# Pros and cons of trailering...



## TSOJOURNER (Dec 16, 1999)

I am considering buying a Ranger 22 in a couple of weeks. The marina that is "home port" to the sailing club I joined (Percy Priest Yacht Club, Nashville TN) has a waiting list of 3.5 years for a slip. The commodore of the yacht club says that trailering is a BIG hassle. I was wondering what the thoughts were on the pros and cons of trailering. Would it be better to wait (and share the club boat with about 10-15 other people) or find out ALL about owning a boat by trailering from the beginning?


----------



## sailingdog (Mar 19, 2006)

It depends. Trailering a properly designed trailer sailer is not all that much of a pain. Doing it with a boat that is designed to be moved on a trailer once in a while, is a different story. A good trailer sailer will have an easy to use, reliable and simple mast raising system, which a trailerable boat will not. 

If you have a boat on a trailer, and it takes you two hours to rig it every time you put it in the water, I doubt you'll be sailing it much. If you have a proper trailer sailer, and it takes you twenty minutes to rig it each time you drop it in the water...then you'll probably be sailing it a lot more. 

The better trailer sailers tend to have a trailer design that allows them to be easily launched from a variety of launch ramps. The sort of trailerable sailboats generally need a fairly deep and steep ramp to be launched, and will have problems on some other types of ramps. 

I don't know enough about the Ranger 22 that you are interested in. Does it have a swing keel or a fixed one?
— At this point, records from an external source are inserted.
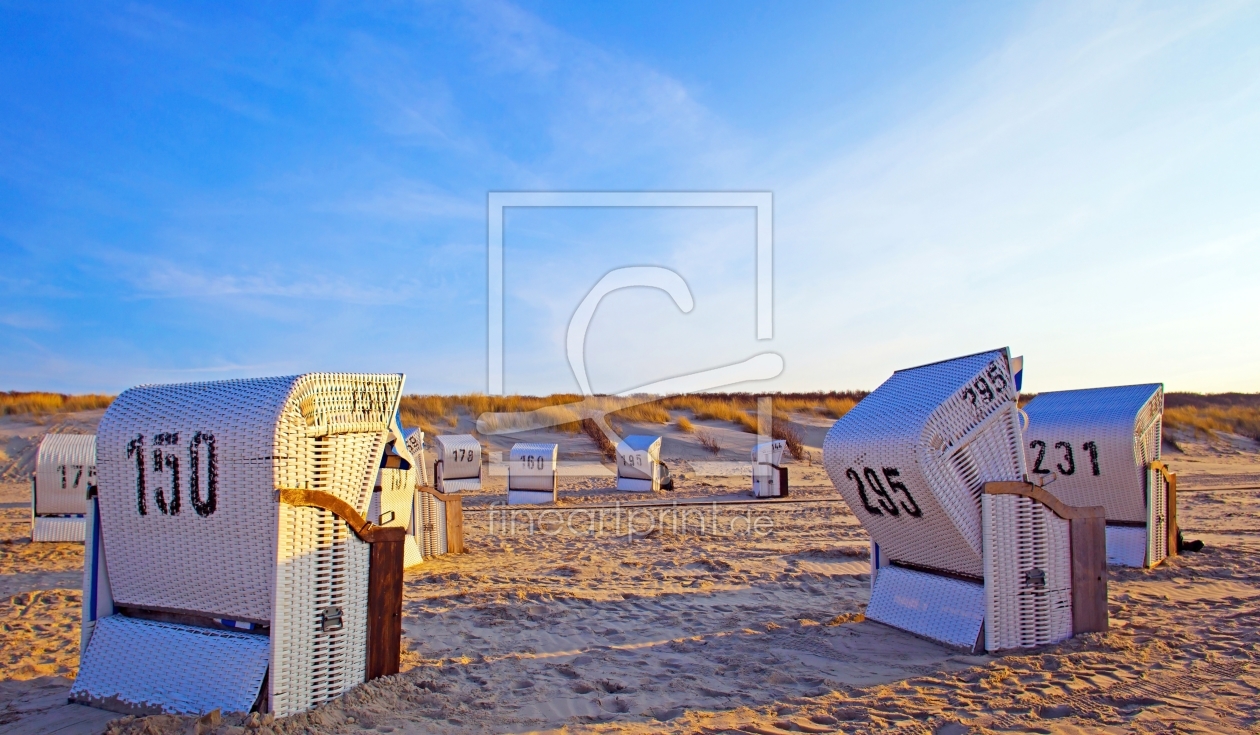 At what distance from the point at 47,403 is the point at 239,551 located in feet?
111

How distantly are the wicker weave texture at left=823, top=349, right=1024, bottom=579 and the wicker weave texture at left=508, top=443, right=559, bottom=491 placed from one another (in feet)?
41.0

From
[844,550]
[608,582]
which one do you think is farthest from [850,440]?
[844,550]

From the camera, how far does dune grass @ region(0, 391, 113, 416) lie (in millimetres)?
28406

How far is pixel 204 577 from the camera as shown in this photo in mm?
4031

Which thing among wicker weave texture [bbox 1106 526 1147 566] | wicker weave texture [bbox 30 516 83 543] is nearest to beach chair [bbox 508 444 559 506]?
wicker weave texture [bbox 30 516 83 543]

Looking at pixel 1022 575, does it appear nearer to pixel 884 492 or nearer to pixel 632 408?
pixel 884 492

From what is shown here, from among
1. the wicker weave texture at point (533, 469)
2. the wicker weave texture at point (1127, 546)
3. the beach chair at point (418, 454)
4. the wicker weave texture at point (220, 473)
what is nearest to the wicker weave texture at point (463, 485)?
the wicker weave texture at point (533, 469)

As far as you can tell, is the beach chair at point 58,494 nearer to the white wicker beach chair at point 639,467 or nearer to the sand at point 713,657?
the sand at point 713,657

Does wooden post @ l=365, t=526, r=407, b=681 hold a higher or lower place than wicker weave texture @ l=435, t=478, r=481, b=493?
higher

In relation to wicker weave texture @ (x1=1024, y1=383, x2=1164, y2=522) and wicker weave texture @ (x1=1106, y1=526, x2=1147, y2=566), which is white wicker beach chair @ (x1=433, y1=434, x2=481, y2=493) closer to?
wicker weave texture @ (x1=1024, y1=383, x2=1164, y2=522)

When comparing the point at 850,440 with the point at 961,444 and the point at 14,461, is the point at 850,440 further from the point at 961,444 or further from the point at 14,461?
the point at 14,461

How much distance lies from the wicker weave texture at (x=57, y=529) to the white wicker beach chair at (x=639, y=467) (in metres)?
12.0

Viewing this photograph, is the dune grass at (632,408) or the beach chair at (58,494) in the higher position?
the dune grass at (632,408)

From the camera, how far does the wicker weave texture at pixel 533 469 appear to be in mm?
17750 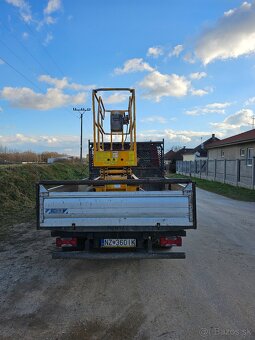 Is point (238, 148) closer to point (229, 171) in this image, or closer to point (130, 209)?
point (229, 171)

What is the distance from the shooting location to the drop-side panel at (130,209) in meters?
5.04

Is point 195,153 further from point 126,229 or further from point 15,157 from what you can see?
point 126,229

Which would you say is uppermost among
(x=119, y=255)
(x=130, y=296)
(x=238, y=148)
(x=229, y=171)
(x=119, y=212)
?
(x=238, y=148)

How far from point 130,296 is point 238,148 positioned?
27400 mm

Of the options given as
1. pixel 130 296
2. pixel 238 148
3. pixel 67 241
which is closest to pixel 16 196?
pixel 67 241

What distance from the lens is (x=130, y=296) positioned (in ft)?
15.2

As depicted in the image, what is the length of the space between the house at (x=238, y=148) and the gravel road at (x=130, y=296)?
1604cm

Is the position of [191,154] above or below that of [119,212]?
above

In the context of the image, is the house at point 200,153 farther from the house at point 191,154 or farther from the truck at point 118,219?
the truck at point 118,219

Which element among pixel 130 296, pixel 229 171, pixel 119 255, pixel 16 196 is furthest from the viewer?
pixel 229 171

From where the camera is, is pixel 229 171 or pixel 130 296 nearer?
pixel 130 296

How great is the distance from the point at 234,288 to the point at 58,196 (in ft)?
9.47

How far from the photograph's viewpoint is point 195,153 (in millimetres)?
78875

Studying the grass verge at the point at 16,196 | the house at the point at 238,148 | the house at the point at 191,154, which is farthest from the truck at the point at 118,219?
the house at the point at 191,154
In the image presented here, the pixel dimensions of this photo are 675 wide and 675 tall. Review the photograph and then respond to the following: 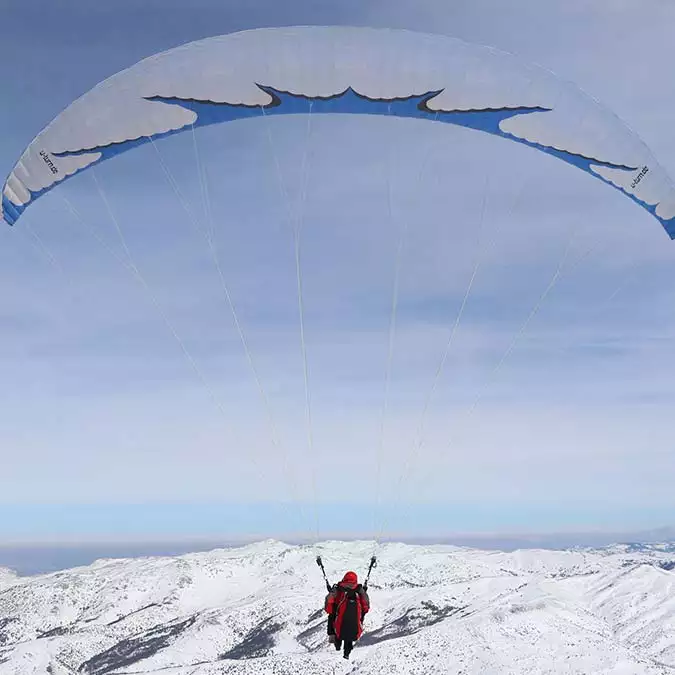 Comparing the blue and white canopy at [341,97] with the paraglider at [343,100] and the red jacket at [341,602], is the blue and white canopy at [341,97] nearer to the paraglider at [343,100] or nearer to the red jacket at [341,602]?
the paraglider at [343,100]

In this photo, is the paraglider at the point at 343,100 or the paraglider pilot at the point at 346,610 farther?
the paraglider pilot at the point at 346,610

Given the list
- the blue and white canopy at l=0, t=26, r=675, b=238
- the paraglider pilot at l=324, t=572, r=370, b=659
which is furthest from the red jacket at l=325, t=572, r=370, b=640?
the blue and white canopy at l=0, t=26, r=675, b=238

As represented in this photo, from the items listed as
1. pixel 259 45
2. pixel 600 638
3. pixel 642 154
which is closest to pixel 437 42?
pixel 259 45

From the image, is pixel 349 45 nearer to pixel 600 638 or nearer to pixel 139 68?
pixel 139 68

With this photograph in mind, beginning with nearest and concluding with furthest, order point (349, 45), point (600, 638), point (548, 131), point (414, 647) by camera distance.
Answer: point (349, 45), point (548, 131), point (414, 647), point (600, 638)

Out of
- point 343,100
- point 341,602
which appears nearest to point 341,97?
point 343,100

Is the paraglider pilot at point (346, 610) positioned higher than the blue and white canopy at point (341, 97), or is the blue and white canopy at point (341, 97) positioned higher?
the blue and white canopy at point (341, 97)

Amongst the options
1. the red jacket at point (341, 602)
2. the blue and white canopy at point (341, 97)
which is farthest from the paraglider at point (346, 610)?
the blue and white canopy at point (341, 97) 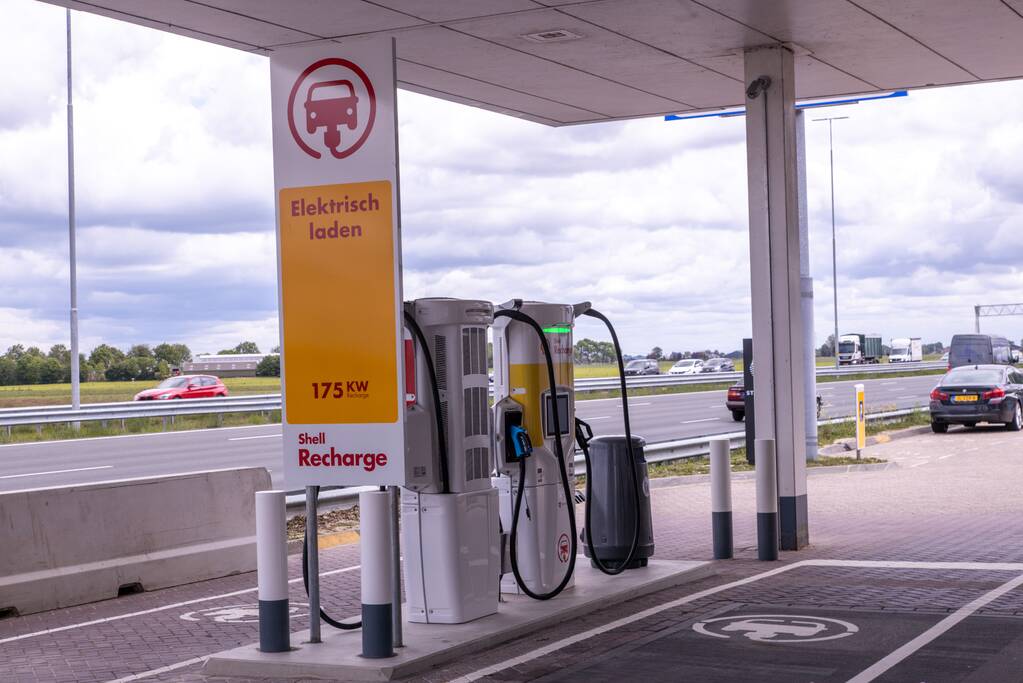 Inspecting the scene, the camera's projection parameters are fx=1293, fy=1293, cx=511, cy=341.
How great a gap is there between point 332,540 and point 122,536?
301 cm

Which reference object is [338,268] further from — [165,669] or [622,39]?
[622,39]

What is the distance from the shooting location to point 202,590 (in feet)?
35.8

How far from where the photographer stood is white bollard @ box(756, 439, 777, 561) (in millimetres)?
11367

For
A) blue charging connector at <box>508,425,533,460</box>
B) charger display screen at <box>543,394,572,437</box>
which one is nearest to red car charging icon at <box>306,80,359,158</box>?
blue charging connector at <box>508,425,533,460</box>

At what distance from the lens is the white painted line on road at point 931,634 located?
23.3 feet

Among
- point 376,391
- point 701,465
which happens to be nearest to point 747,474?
point 701,465

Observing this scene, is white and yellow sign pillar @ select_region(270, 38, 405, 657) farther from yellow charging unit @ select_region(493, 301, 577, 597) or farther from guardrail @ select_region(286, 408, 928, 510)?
guardrail @ select_region(286, 408, 928, 510)

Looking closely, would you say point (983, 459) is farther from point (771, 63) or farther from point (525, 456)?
point (525, 456)

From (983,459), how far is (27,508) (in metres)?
17.0

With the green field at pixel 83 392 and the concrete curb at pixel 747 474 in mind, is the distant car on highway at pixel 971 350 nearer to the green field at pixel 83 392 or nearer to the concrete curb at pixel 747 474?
the green field at pixel 83 392

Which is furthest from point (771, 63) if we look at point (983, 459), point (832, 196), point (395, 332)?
point (832, 196)

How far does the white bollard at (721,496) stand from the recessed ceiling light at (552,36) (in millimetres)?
3675

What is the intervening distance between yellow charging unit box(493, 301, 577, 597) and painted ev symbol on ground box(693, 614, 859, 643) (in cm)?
132

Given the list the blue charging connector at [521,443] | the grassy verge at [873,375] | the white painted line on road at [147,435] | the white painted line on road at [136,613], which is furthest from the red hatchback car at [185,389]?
the blue charging connector at [521,443] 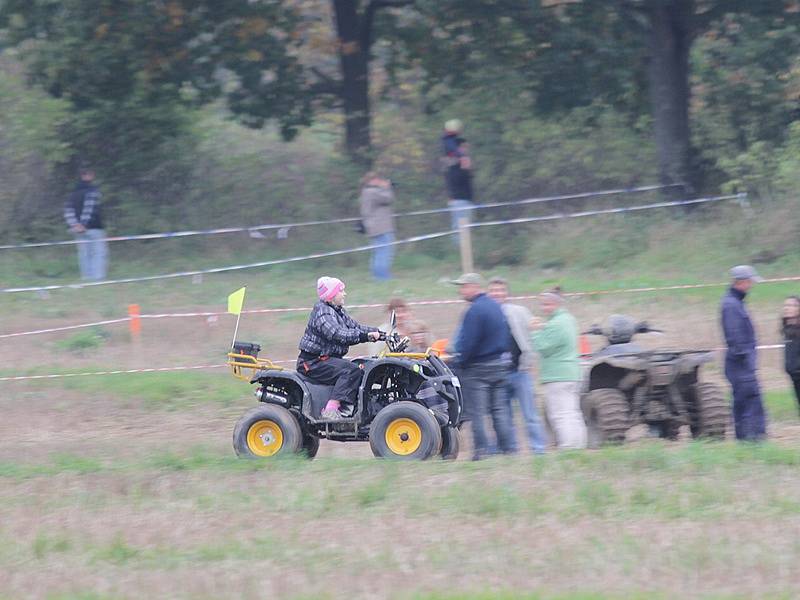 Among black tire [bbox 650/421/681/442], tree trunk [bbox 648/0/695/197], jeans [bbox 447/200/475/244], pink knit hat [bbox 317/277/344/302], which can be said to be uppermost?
tree trunk [bbox 648/0/695/197]

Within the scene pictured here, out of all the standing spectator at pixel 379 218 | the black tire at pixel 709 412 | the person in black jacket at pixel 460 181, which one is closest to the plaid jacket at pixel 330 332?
the black tire at pixel 709 412

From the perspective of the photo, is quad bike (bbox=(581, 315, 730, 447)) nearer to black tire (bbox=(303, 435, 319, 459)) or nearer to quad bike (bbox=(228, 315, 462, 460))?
quad bike (bbox=(228, 315, 462, 460))

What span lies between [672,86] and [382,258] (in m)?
6.34

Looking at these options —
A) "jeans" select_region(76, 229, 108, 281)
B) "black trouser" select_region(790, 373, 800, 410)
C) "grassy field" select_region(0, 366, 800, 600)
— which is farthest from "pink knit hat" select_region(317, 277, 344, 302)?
"jeans" select_region(76, 229, 108, 281)

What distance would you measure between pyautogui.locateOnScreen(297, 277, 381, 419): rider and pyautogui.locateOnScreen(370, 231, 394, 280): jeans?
9959 millimetres

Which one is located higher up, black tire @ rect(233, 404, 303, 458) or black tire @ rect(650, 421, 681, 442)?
black tire @ rect(233, 404, 303, 458)

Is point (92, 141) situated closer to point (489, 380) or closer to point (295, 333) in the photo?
point (295, 333)

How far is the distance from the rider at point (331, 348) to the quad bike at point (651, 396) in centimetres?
223

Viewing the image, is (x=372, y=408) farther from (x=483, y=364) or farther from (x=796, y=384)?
(x=796, y=384)

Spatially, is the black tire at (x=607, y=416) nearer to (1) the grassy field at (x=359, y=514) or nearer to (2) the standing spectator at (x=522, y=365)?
(1) the grassy field at (x=359, y=514)

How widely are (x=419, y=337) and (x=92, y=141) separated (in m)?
15.1

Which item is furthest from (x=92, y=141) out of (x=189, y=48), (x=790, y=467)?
(x=790, y=467)

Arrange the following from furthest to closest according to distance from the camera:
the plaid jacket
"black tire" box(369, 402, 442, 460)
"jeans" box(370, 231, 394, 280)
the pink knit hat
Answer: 1. "jeans" box(370, 231, 394, 280)
2. the pink knit hat
3. the plaid jacket
4. "black tire" box(369, 402, 442, 460)

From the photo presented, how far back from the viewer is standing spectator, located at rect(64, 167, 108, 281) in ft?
68.9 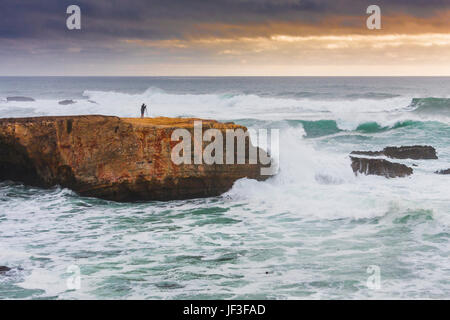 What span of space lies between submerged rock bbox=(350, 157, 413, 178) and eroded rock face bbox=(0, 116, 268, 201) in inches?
152

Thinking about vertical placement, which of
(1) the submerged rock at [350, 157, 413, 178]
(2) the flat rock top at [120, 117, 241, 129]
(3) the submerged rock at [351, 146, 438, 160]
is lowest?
(1) the submerged rock at [350, 157, 413, 178]

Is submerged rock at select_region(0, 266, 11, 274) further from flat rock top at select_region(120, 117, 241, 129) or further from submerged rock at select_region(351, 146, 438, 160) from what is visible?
submerged rock at select_region(351, 146, 438, 160)

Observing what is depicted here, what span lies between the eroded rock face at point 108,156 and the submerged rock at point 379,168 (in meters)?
3.86

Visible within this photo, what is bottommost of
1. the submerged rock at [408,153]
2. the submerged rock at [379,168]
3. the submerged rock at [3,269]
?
the submerged rock at [3,269]

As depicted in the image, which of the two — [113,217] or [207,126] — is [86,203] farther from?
[207,126]

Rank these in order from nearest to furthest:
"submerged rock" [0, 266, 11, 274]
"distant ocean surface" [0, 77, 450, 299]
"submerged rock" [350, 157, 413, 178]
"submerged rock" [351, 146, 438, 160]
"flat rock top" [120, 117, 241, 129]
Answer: "distant ocean surface" [0, 77, 450, 299]
"submerged rock" [0, 266, 11, 274]
"flat rock top" [120, 117, 241, 129]
"submerged rock" [350, 157, 413, 178]
"submerged rock" [351, 146, 438, 160]

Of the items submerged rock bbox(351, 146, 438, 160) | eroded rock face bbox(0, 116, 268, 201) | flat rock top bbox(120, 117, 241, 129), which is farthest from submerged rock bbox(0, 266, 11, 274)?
submerged rock bbox(351, 146, 438, 160)

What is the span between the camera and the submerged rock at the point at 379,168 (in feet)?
42.3

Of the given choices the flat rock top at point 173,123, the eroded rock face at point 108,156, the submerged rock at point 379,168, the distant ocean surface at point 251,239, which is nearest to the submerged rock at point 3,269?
the distant ocean surface at point 251,239

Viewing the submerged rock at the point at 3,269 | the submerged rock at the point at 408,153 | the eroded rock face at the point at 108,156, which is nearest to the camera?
the submerged rock at the point at 3,269

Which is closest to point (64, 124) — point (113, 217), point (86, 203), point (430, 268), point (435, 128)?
point (86, 203)

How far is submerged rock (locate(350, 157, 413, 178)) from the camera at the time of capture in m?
12.9

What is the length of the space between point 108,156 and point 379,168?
21.0 ft

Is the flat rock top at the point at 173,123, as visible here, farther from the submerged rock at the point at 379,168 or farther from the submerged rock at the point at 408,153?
the submerged rock at the point at 408,153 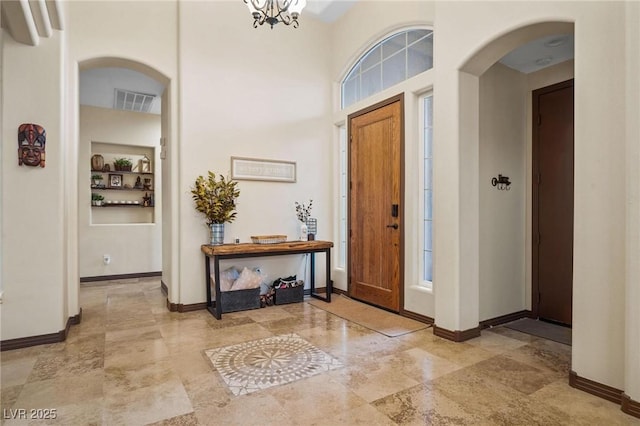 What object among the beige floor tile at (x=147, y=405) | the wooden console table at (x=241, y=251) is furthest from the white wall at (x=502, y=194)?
the beige floor tile at (x=147, y=405)

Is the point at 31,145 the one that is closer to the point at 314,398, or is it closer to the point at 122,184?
the point at 314,398

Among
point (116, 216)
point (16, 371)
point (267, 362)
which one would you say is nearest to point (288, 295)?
point (267, 362)

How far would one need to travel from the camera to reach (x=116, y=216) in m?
6.65

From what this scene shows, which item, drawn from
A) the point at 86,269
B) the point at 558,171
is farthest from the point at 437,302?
the point at 86,269

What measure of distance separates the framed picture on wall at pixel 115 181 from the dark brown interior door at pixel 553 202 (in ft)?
21.9

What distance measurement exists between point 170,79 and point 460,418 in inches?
A: 168

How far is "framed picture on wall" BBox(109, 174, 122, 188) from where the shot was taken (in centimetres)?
654

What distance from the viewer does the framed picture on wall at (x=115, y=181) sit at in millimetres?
6537

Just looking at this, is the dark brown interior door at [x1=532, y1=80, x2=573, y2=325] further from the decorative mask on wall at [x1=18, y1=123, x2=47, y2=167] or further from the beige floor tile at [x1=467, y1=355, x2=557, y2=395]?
the decorative mask on wall at [x1=18, y1=123, x2=47, y2=167]

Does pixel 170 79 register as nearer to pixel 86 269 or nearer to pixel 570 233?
pixel 86 269

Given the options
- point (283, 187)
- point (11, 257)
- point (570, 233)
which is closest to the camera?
point (11, 257)

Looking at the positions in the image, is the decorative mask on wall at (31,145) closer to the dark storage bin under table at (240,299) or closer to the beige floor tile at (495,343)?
the dark storage bin under table at (240,299)

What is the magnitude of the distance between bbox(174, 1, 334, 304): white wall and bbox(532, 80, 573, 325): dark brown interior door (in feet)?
8.41

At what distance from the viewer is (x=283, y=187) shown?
187 inches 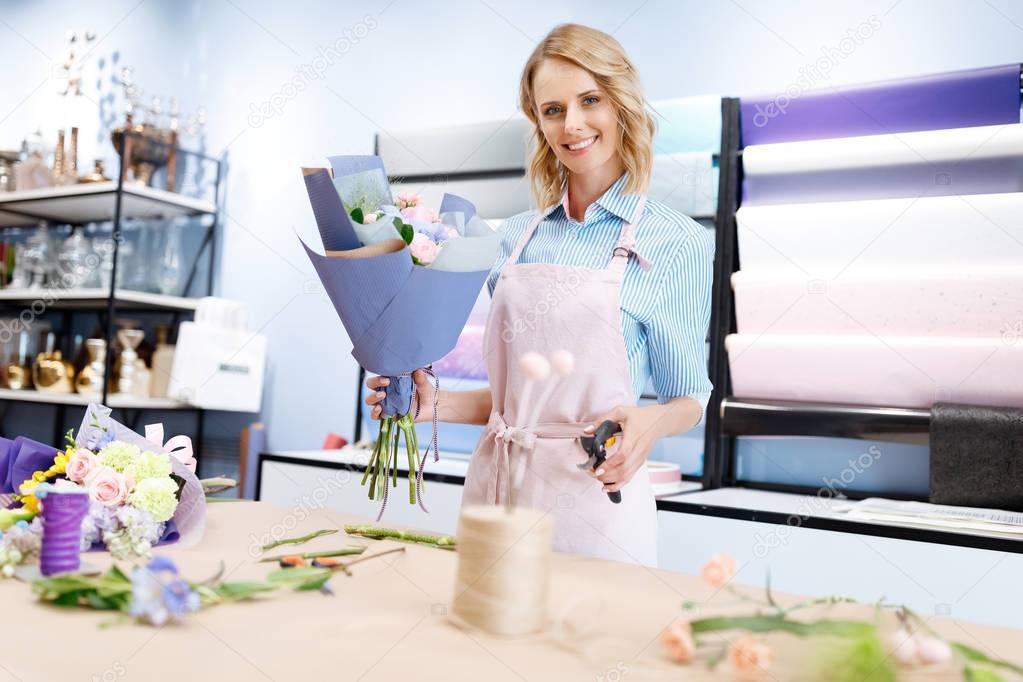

Etc..

Then there is the whole issue of a proper tow vehicle for a trailered boat. Do you have one that would work? Is it worth it to you to have one that will work, especially given that the gas prices are heading north of $3.00 per gallon and likely to stay there for some time.


----------



## edtolman (Jul 12, 2006)

*Good Useable Info*

Thanks for that answer...useful info, I think.


----------



## toastchee (Mar 8, 2006)

Wow! Small world.

I also sail out of Hamilton Creek on Percy Priest! I am a trailor sailer and have a 13' keelboat and a 14' dingy. Rusty and Russell are great guys.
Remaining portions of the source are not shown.